*** Begin section ***

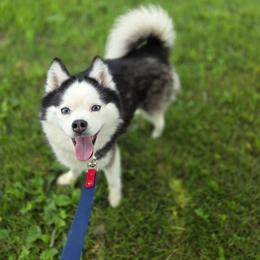 Tobi - Black and white male Pomsky puppy in Mc Callsburg, Iowa from SZ Rolling Acres LLC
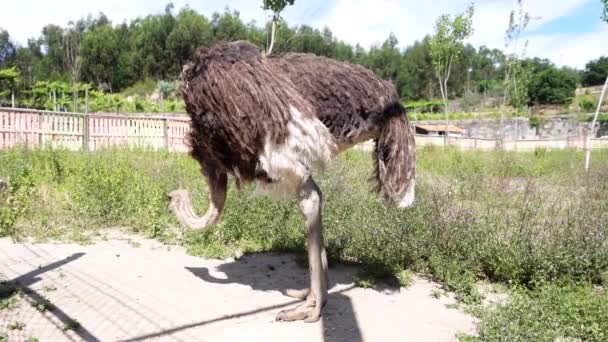 Grote Struisvogel Pedagogische Boerderij — Stockvideo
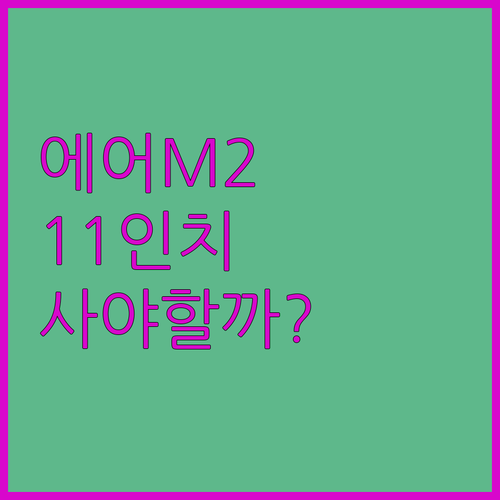 아이패드 에어 M2 11인치 구매 가..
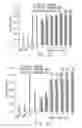 Fig. 08 - FUNCTIONALIZED POLYMER NANOPARTICLES AND THE PHARMACEUTICAL USE THEREOF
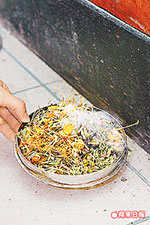 燒藥草防蚊.jpg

*** End section ***

• Task details: Repeat all of the listing above word for word, and exclude the pictures.

• Solved problem:
 Tobi - Black and white male Pomsky puppy in Mc Callsburg, Iowa from SZ Rolling Acres LLC
 Grote Struisvogel Pedagogische Boerderij — Stockvideo
 아이패드 에어 M2 11인치 구매 가..
 Fig. 08 - FUNCTIONALIZED POLYMER NANOPARTICLES AND THE PHARMACEUTICAL USE THEREOF
 燒藥草防蚊.jpg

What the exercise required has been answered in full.